En 2007, dans Homo Disparitus, le journaliste Alan Weisman publiait une enquête scientifique extrapolant ce qui se passerait si l’espèce humaine disparaissait brusquement (Flammarion), un an après l’essai du géographe Jared Diamond, Effondrement, (nrf essais, 2006), racontant comment et pourquoi des sociétés sophistiquées avaient été rayées de la carte, des habitants de l’île de Pâques aux Vikings en passant par les Incas).
Beaucoup plus politique, La stratégie du choc de Naomi Klein (Actes Sud, 2008) décrit le processus par lequel ce qu’elle appelle le capitalisme du désastre tire parti, quand il n’en est pas à l’initiative, des catastrophes économiques ou climatiques pour abattre les avancées sociales.

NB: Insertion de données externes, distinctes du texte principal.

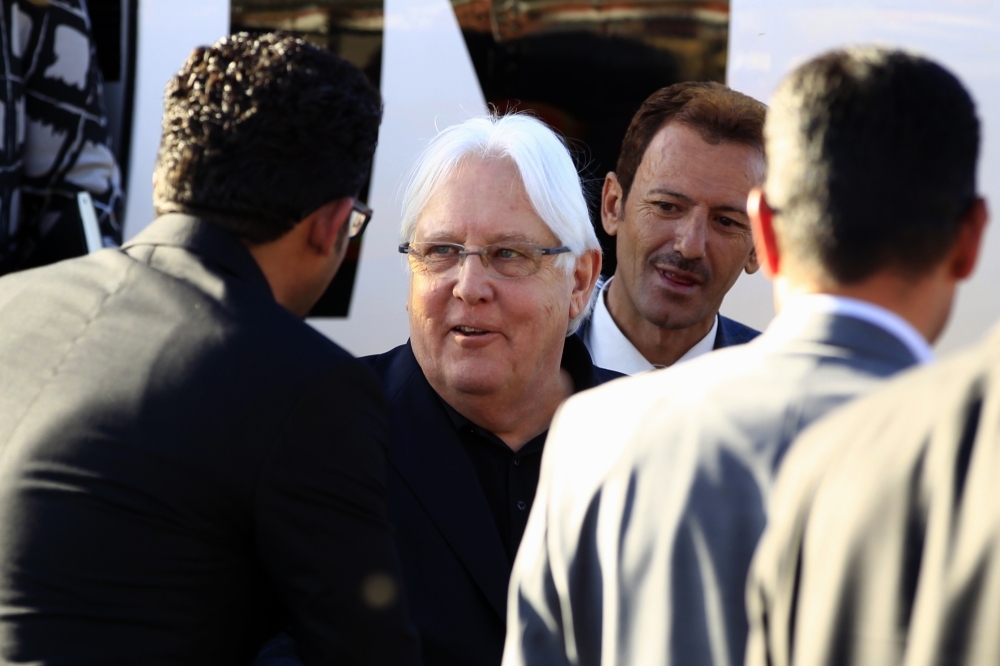 Martin Griffiths, center, the UN special envoy for Yemen, descends from his plane upon his arrival at Sanaa international airport in this Jan. 5, 2019 file photo. — AFP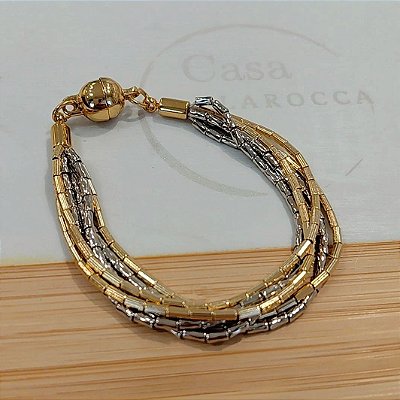 Pulseira canutilhos banhadas a ouro e rodio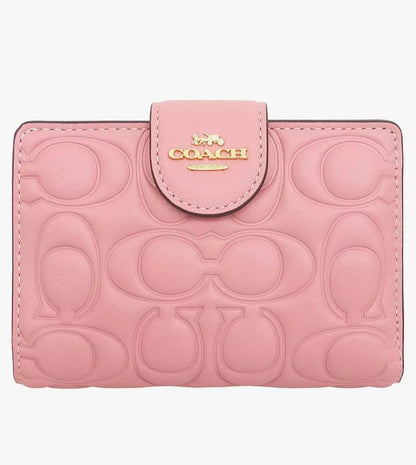 Coach Medium Corner Zip Wallet With Signature Leather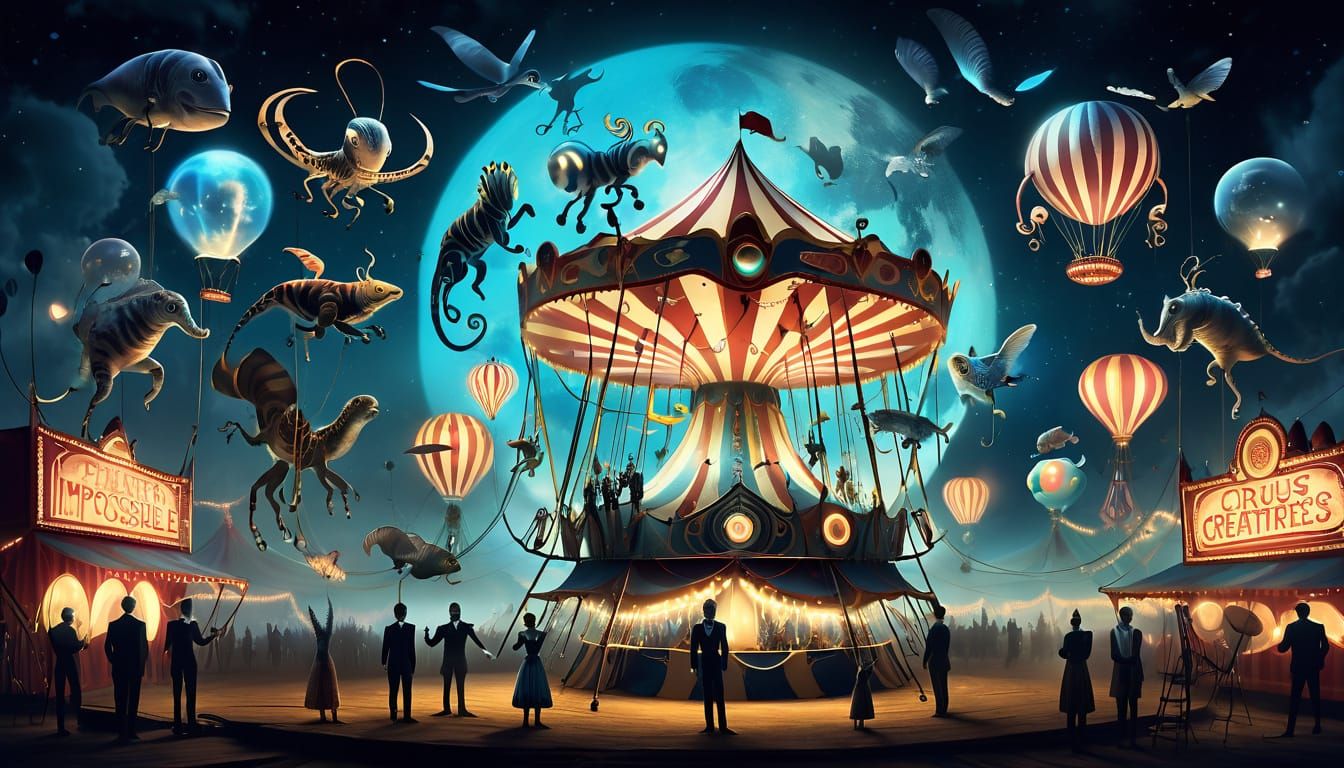 Surreal Circus of Glowing, Shape-Shifting Beings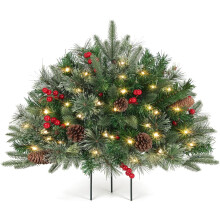 Outdoor Frosted Christmas Tree Urn Filler 18 Inch Pre-lit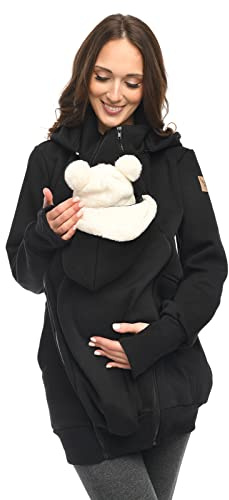 MijaCulture Chaqueta 3 en 1 para maternidad y portabebés 4132, Schwarz, XXL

Les influences cinématographiques sont moins nombreuses. Elles viennent essentiellement de l’univers de Terry Gilliam, imbattable dans l’art de mettre en images un futur déglingué qui tient plus de la décharge sauvage que des intérieurs aseptisés. Dans Brazil (1985), il adapte librement le roman-culte de George Orwell, 1984, et s’offre des embardées sublimes dans le monde des rêves, seul échappatoire à l’enfer policier quotidien. C’est aussi et surtout une très profonde réflexion sur le terrorisme d’Etat, la résistance et la société de consommation.